On Sleep and Sleep Training

This blog post was originally published on April 24th 2021 on Floating the Boat.

When having a baby, mothers usually conglomerate to exchange tips, horror stories and, quite frankly, to get out of the house. Thankfully, I’m in quite a few lovely mothers’ groups and it is always interesting what other parents do/don’t do. Over the course of these meetings, reading books and exchanging information in Facebook groups, I can thank many other parents for their generous advice, fantastic support and positive parenting tips.

However, I must also say that I have read incredibly much about parenting strategies which simply baffle me and make me wonder how they can still be a thing in 2021. With the wealth of research available, innumerable studies at hand and shared advice from big organisations like the NHS, La Leche League and the WHO, I have delved deep into various topics like sleep trainings, pacifiers, the carriers versus pram debate, when to start giving supplementary foods, digital media and more. From these topics, I want to concentrate on the one most engaging me (negatively, I must say), which is sleep training. I have written about it previously, but upon reading numerous books on the subject matter, there is just so much more to share.

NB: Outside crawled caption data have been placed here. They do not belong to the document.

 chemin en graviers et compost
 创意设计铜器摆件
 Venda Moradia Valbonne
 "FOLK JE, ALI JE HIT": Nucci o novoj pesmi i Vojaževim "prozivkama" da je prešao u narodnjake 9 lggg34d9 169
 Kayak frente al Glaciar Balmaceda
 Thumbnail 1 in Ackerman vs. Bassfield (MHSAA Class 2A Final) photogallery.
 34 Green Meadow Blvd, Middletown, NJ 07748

By sharing my personal opinion on this matter, I don’t mean to discredit individual parents – I don’t know your whole story, I don’t know what you’ve been through, I don’t know what led you to the decisions you’ve made. However, as a whole with the research and personal experience in mind, there is no doubt for me why I cannot get behind this method, and I will share why.

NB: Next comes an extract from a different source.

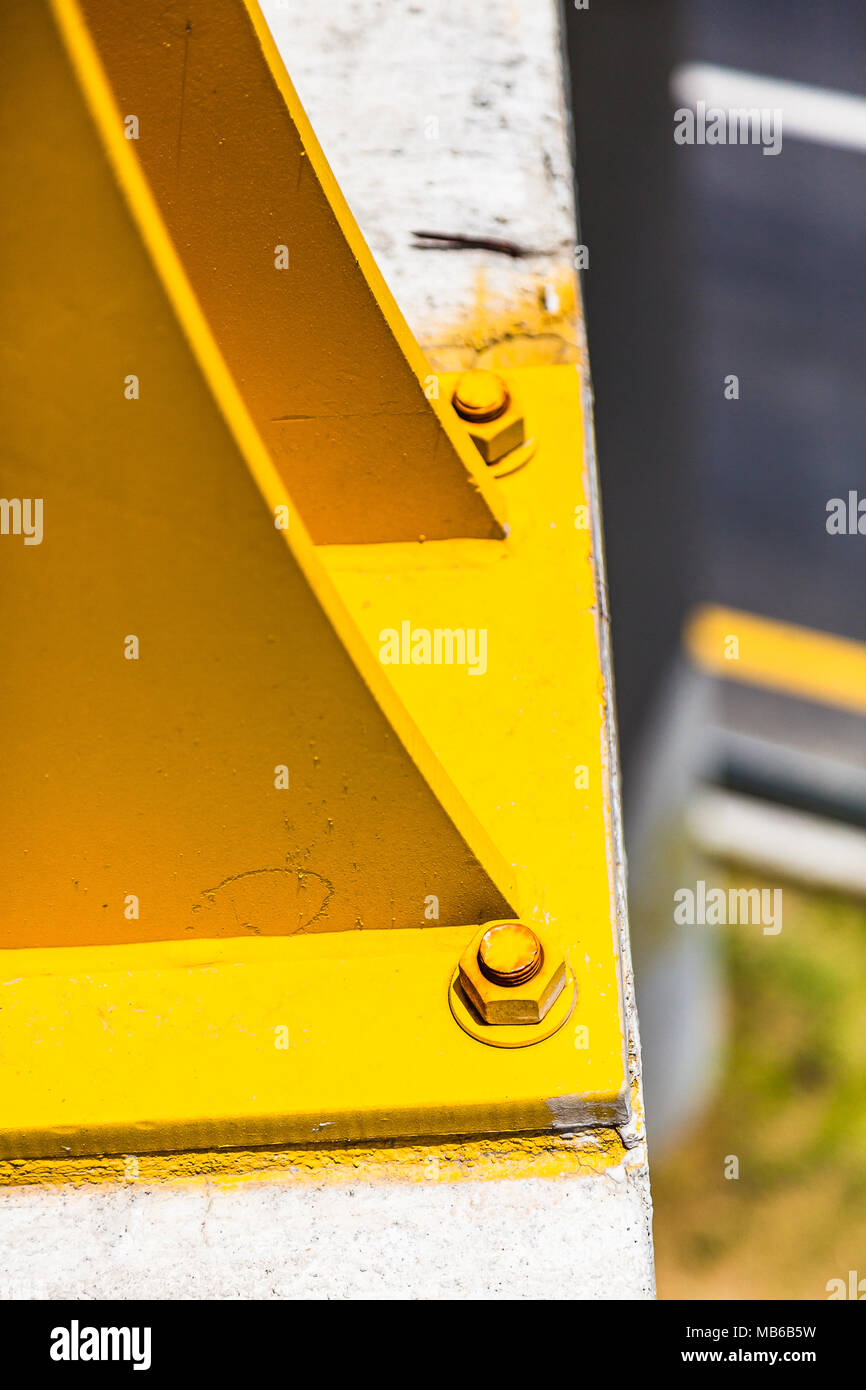 Steel construction anchor bolts hires stock photography and images Alamy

A Definition of Sleep Training
Sleep training is one of the biggest no-goes for me when it comes to parenting. In my eyes it’s cruel, counteracts bonding and breastfeeding, and it is, in most cases, futile. Still, many parents in predominantly Anglophone cultures swear by it until today, but what do I mean when I’m talking about Sleep Training in this post? What I am referring to is predominantly the “cry-it-out” method, as well as Richard Ferber Method and its descendants.

Ferber proposed his method in his 1985 book Solve Your Child’s Sleep Problems, in which he takes a proposedly less cruel stance on the “cry-it-out” method. He proposes to leave the baby crying for an interval of time (three minutes in the beginning, going up to ten minutes), then walk back in and soothe the baby – but only verbally, don’t pick him up, feed or cuddle him. Comfort for two-three minutes and then leave the baby alone again.

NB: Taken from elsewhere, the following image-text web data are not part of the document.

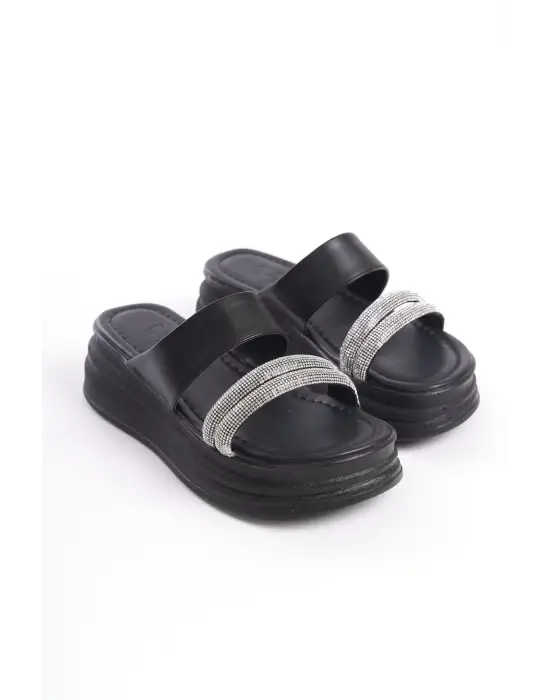 Omarı Şık ve Rahat Siyah Düz Topuklu Taşlı Bayan Terlik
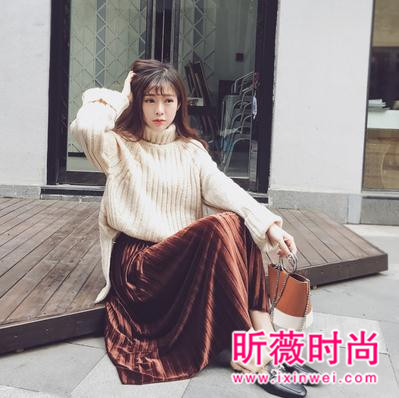 冬季韩式新款毛衣图片 既流行时尚又能保暖御寒 冬季韩式新款毛衣图片 既流行时尚又能保暖御寒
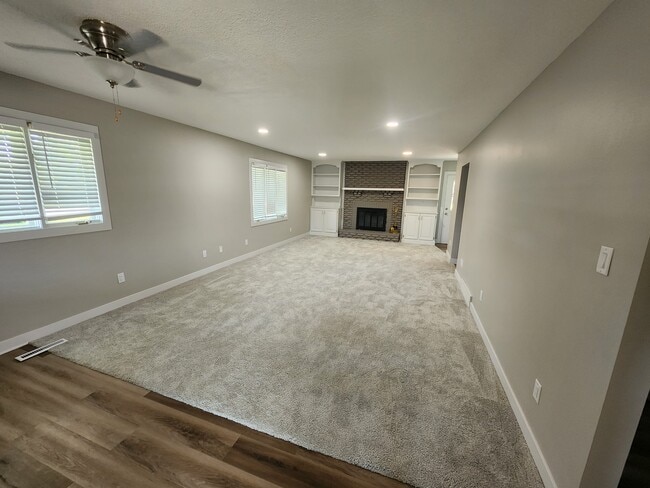 Sala de estar con chimenea - 4660 NW 62nd Ave Casa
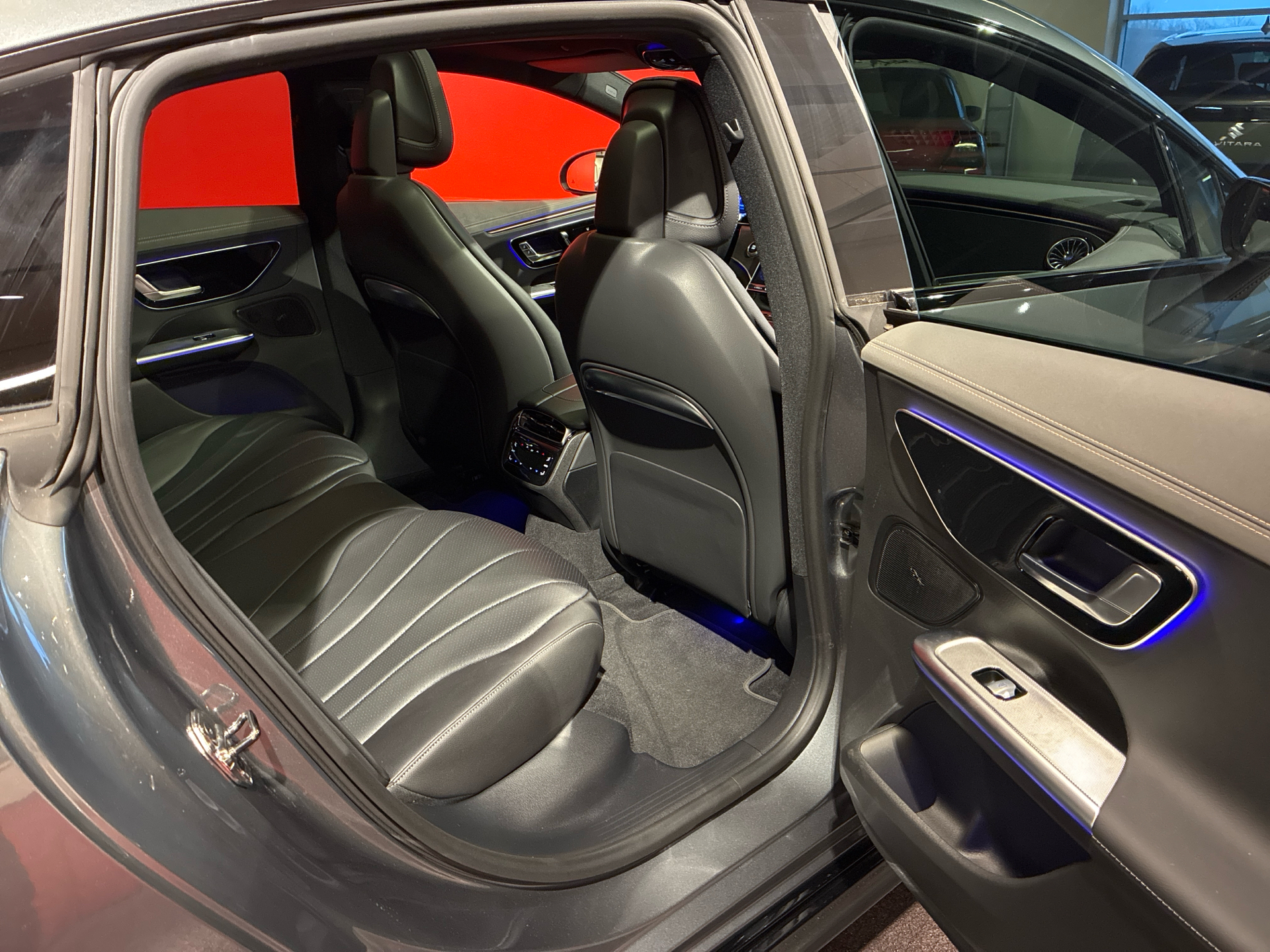 Billede af Mercedes-Benz EQE 300 EL AMG Line 245HK Aut.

It is understandable that many parents prefer the modified Ferber sleep training over the “cry-it-out” method, where you just let your baby cry until it falls asleep – sometimes until it vomits – and don’t react to its cries. It is the cry-it-out method which I cannot describe as anything but utterly cruel, and which basically teaches the child a crucial – and terrible – first lesson in life: when I need someone, I am on my own and I have to “self-soothe”, i.e. find solutions on my own. No wonder we live in a society where people have trouble asking for help. Outlined below, I have subcategorised the most important issues related to sleep trainings, starting from immediate responses to long-lasting issues.

Distressed In Their Own Room
With the short definition of sleep training in mind, I want to get into the reasons why sleep training is not only unnecessary, but also how it counteracts the natural protective systems babies have in place.

Firstly, I sympathise with parents who are overly tired, who say, “I can’t do this anymore”, who have a crier and who just need them to sleep to keep sane. Having a child isn’t a piece of cake, any parent can attest to that; however, sleep training isn’t the way to fix your baby’s “sleep problems”. Why? Because a majority of babies do not have sleep problems. Plenty of these “problems” seem to stem from incorrect expectations parents hold, sold by marketers and blurry memories of other mothers (who tend to remember the good things about their children, but not the long nights with the crying on both parts).

Many sleep-trained babies are expected to sleep in their own bed, often even in their own room. Over the millennia we have become accustomed to a certain luxury standard with safe housing and cuddly beds; however, babies are primal creatures and they don’t know that their crib is in a safe building with you in the next room. All they know is that they will die if no one protects them during the night. Crying is their only means to communicate fear of being eaten by wolves, and closeness to a parent alleviates this fear and lets baby sink into Morpheus’s arms better. So the first reason why your baby isn’t falling asleep advertisement-style in their crib, is because their survival depends on you being there. This protection scheme is also the reason why they wake up regularly during the night to reassure themselves that they are still protected. When you have them close-by to you, they may only need to smell or hear you, turn around satisfied, and keep sleeping. However, if they sense your absence, they go into alert mode and start crying.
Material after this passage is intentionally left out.